*** Block opens ***

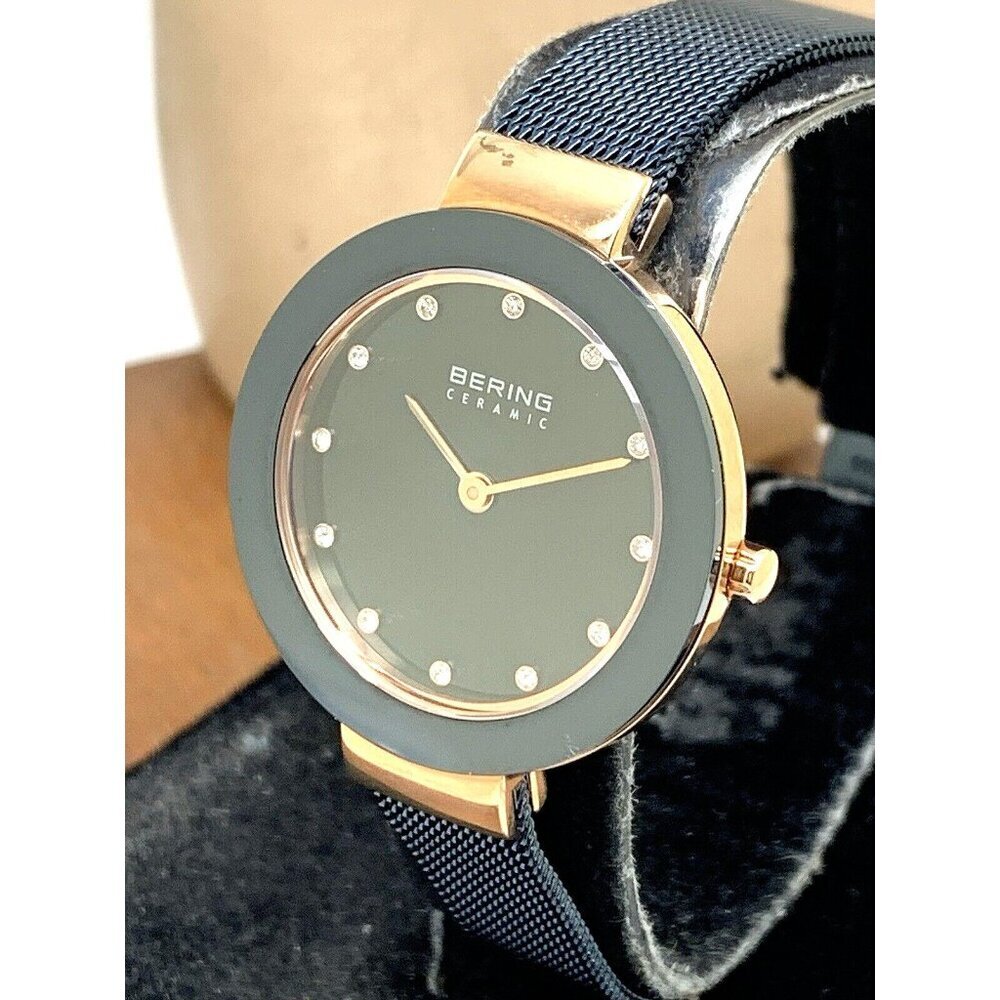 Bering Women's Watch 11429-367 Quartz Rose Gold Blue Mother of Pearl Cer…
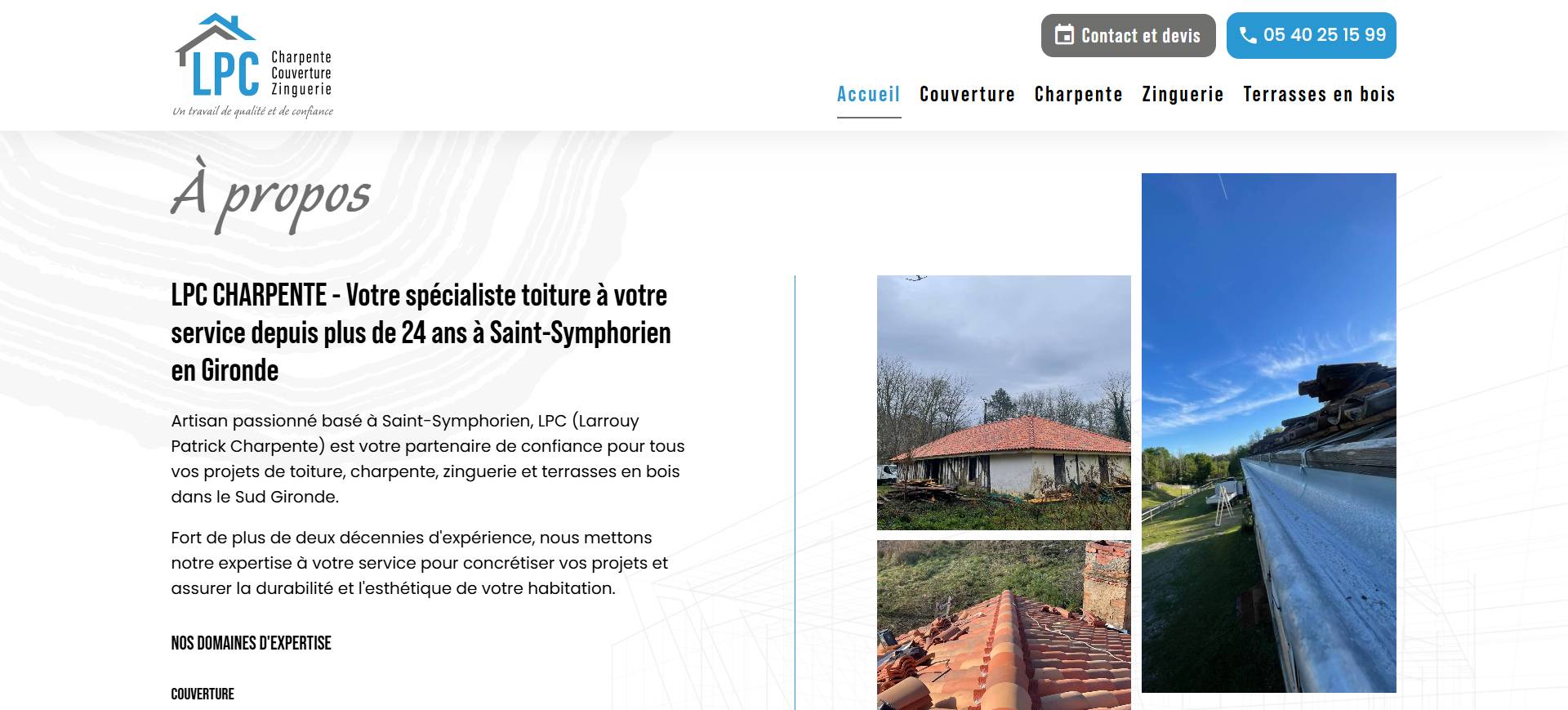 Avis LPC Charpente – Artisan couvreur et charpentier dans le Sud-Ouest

*** Block closes ***
*** Block opens ***

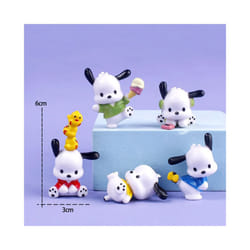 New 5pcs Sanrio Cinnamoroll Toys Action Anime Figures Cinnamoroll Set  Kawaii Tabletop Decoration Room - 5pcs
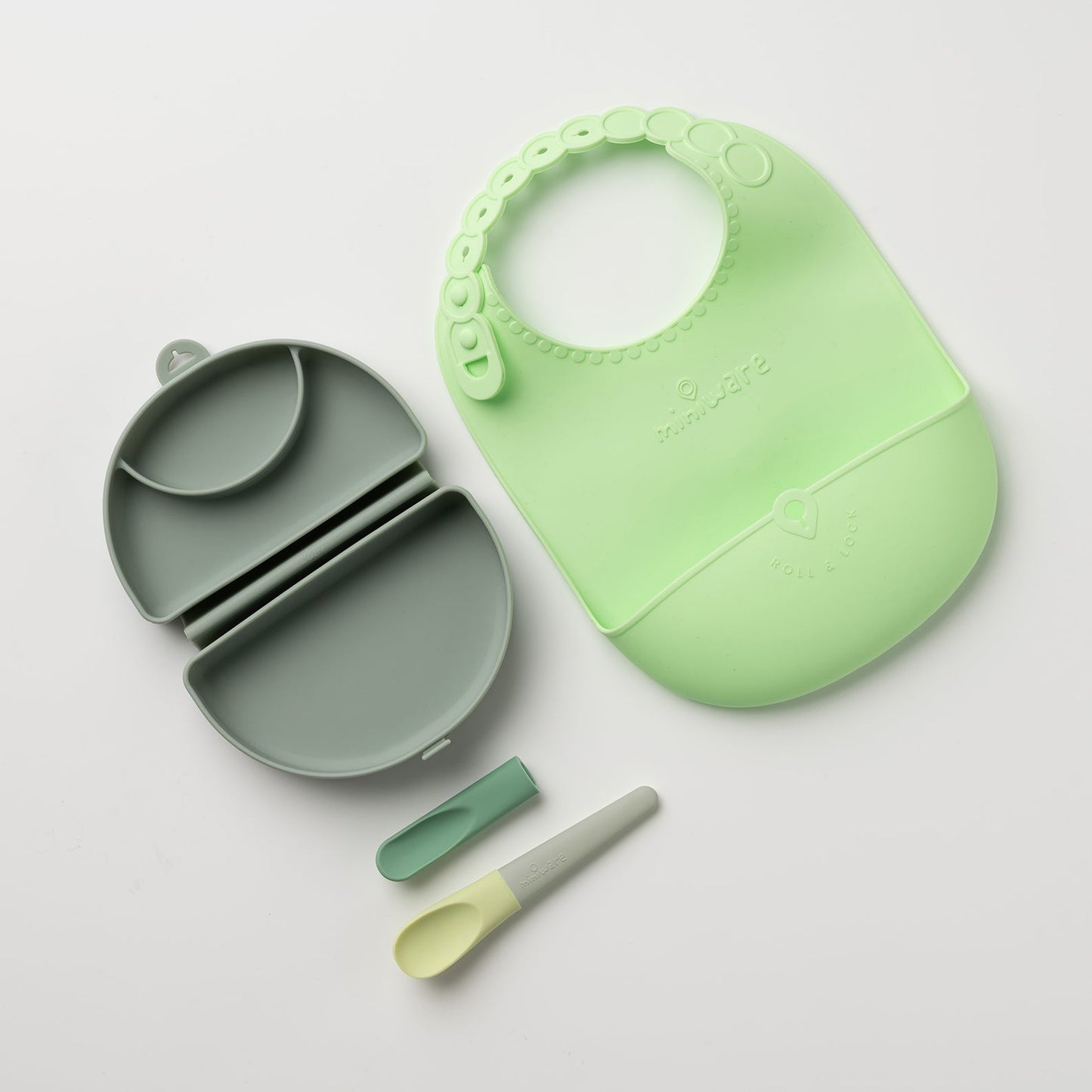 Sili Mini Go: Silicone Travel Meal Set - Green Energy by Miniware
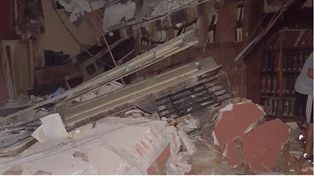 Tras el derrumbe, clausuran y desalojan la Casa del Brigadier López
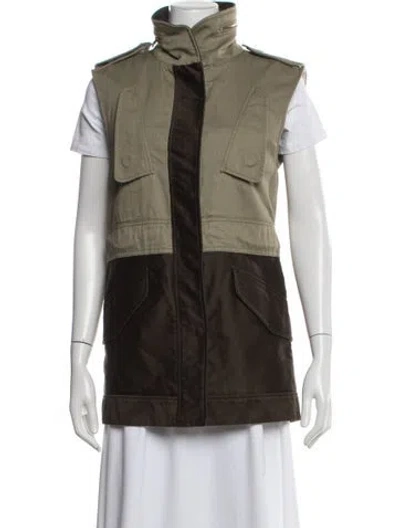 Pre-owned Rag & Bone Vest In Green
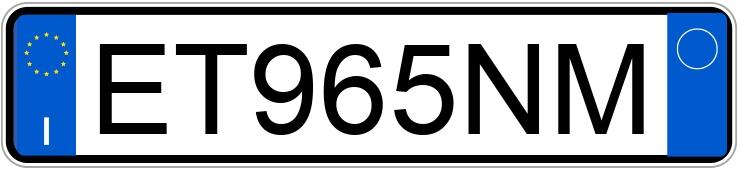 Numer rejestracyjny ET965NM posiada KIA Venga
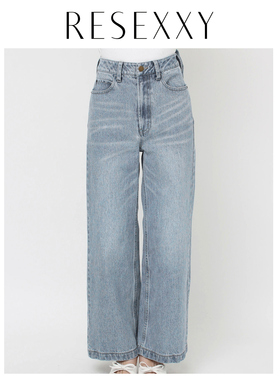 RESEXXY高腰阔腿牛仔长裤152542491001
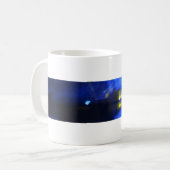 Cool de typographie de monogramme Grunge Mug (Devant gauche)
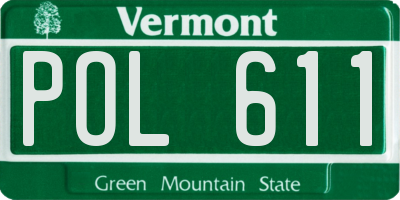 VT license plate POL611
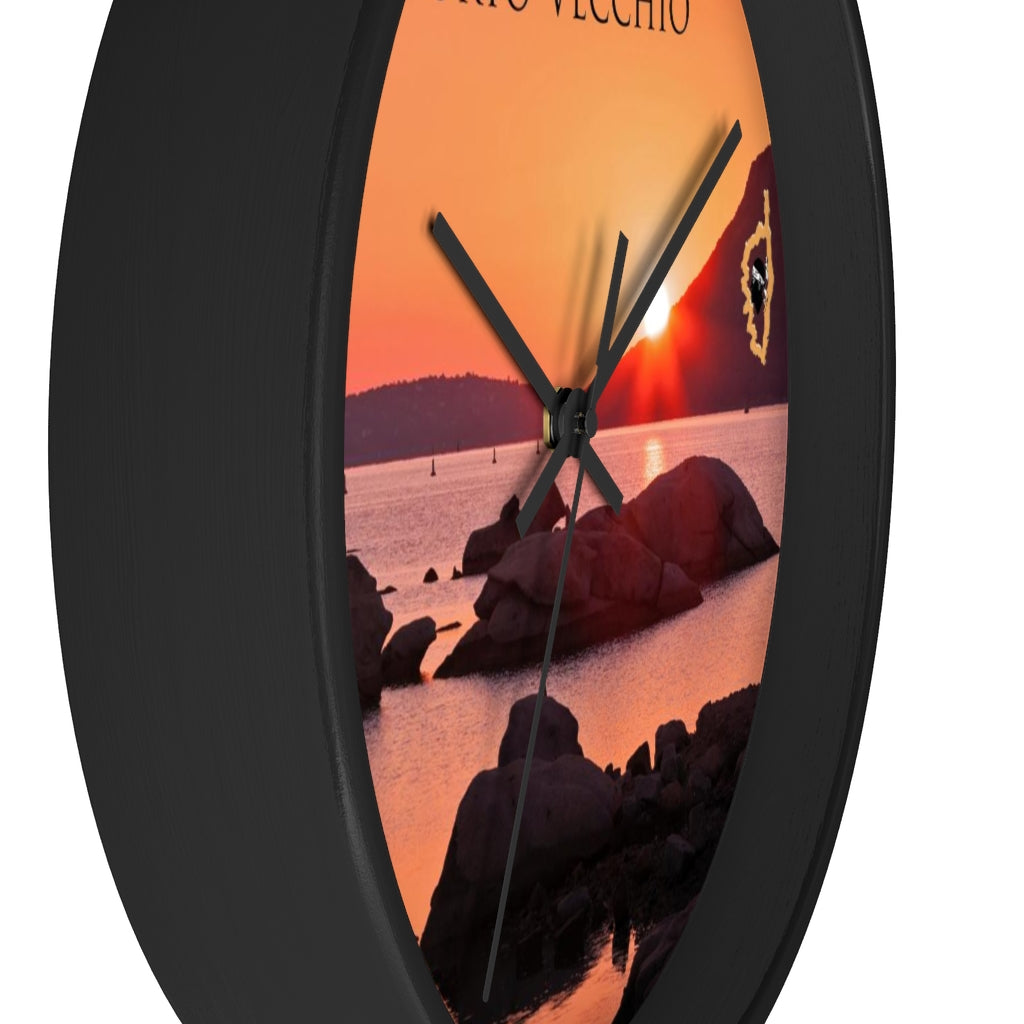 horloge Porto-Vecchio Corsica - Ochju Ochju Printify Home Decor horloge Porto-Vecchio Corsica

*** Block closes ***

HOW TO COMPLETE THIS TASK | Reproduce the listing above only between the lines holding "Numer rejestracyjny ET965NM" and "horloge Porto-Vecchio Corsica - Ochju", inclusive. Every line must match exactly, and pictures are dropped.

WRITTEN SOLUTION |
 Numer rejestracyjny ET965NM posiada KIA Venga
 RESEXXY高腰阔腿牛仔长裤152542491001
 Cool de typographie de monogramme Grunge Mug (Devant gauche)
 VT license plate POL611
 horloge Porto-Vecchio Corsica - Ochju Ochju Printify Home Decor horloge Porto-Vecchio Corsica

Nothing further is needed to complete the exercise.